** Opening DATA RECORDS block **

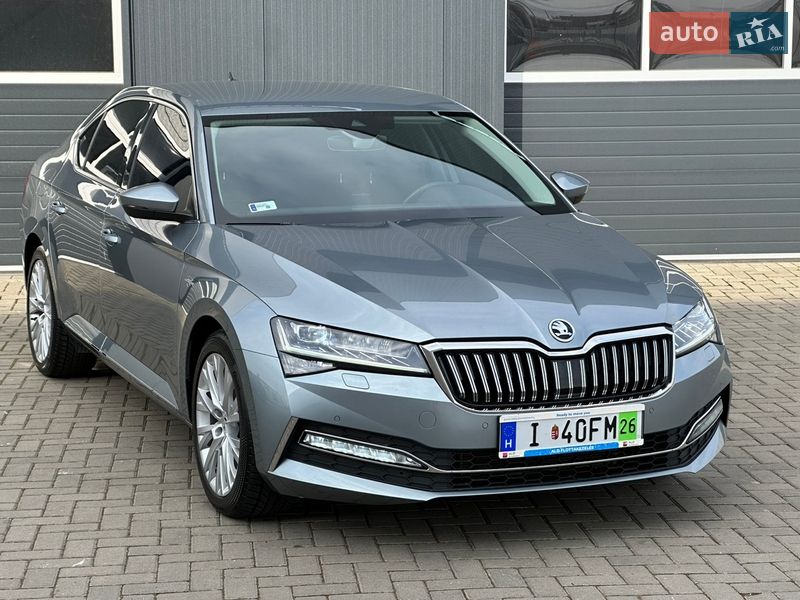Skoda Superb 2021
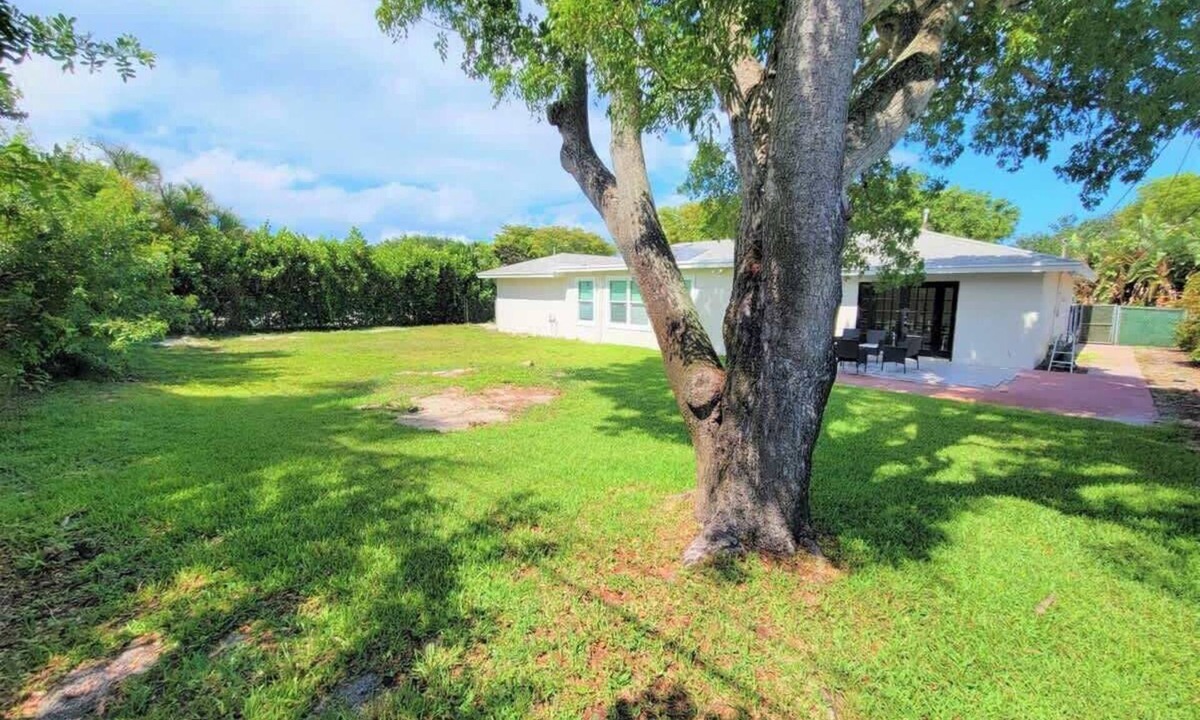 North Palm Beach House | The Place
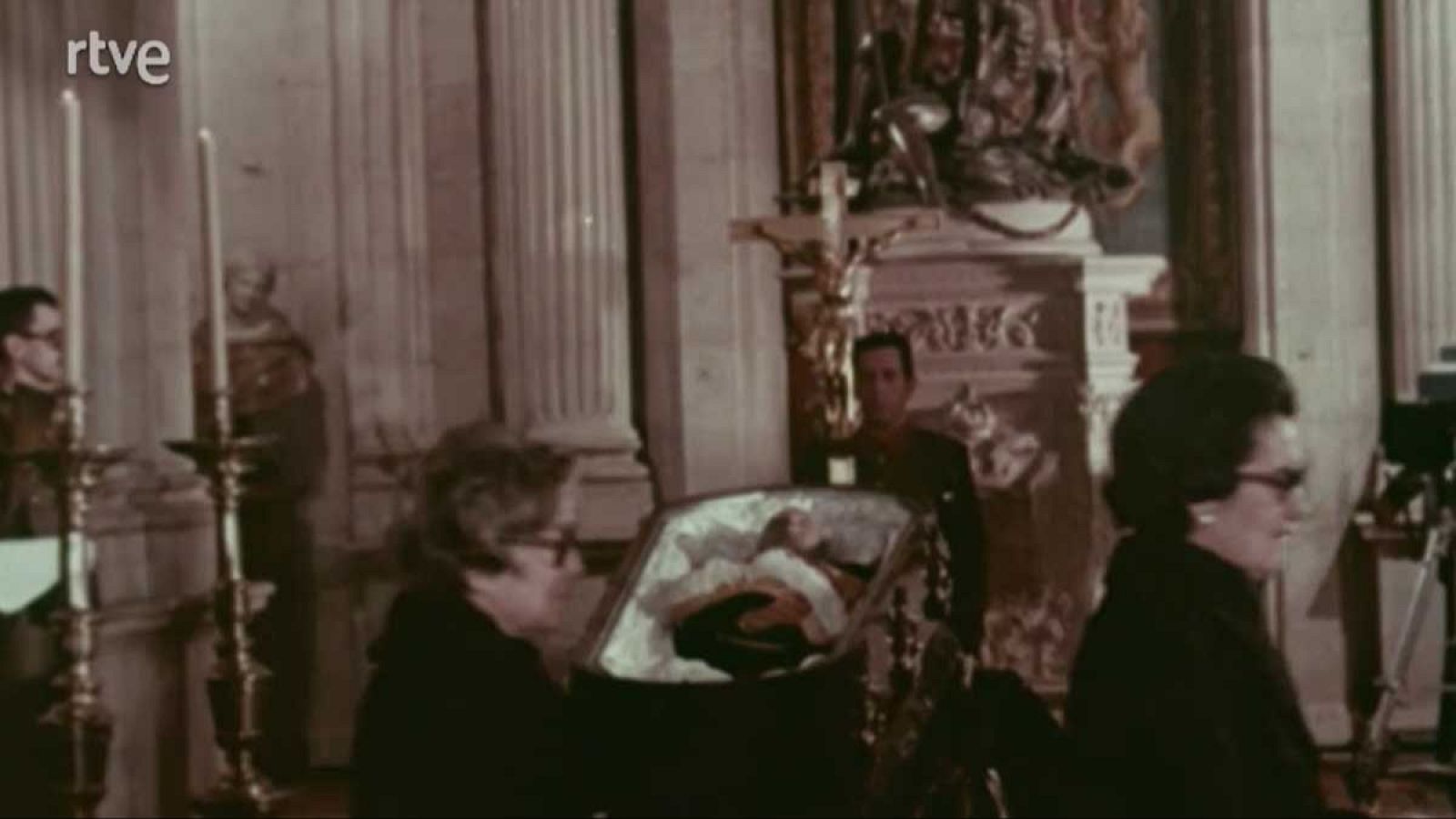 Franco ha muerto - Fue noticia en el Archivo de RTVE | Ver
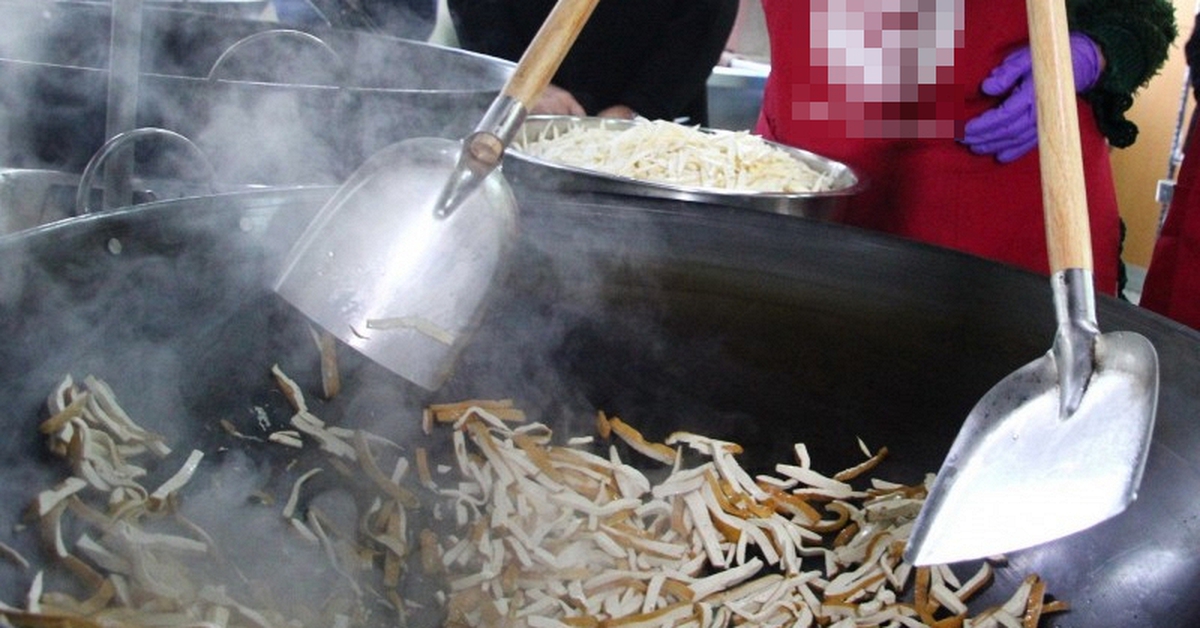Vợ chồng chủ cửa hàng buffet mắc ung thư phổi vì thói quen nấu nướng sai lầm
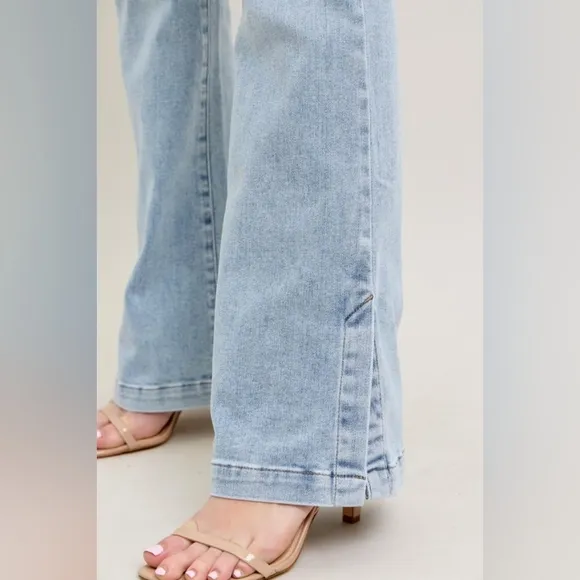 Judy Blue HR Tummy Control Vintage Light Wash Split Hem Bootcut Jeans NEW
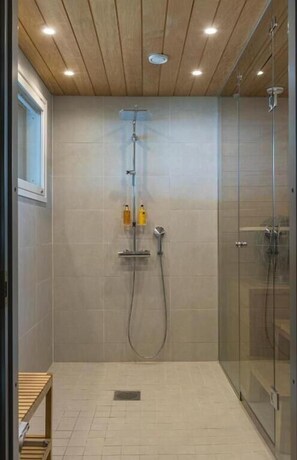 Villa Deluxe, vue lac | Salle de bain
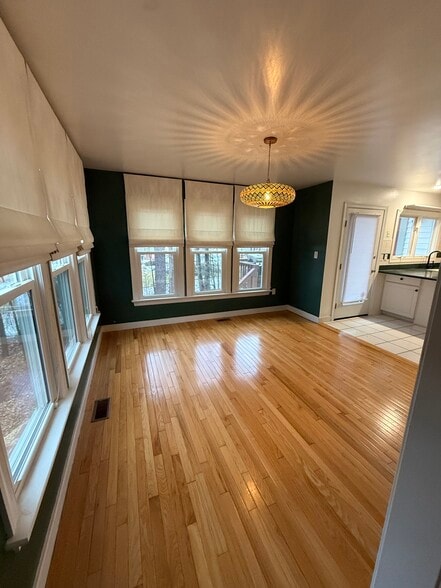 Dining room - 1402 Groton Ct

** Closing DATA RECORDS block **

WHAT THE TASK REQUIRES:
Copy every record verbatim while leaving each picture out.

WRITTEN SOLUTION:
Skoda Superb 2021
 North Palm Beach House | The Place
 Franco ha muerto - Fue noticia en el Archivo de RTVE | Ver
Vợ chồng chủ cửa hàng buffet mắc ung thư phổi vì thói quen nấu nướng sai lầm
 Judy Blue HR Tummy Control Vintage Light Wash Split Hem Bootcut Jeans NEW
 Villa Deluxe, vue lac | Salle de bain
 Dining room - 1402 Groton Ct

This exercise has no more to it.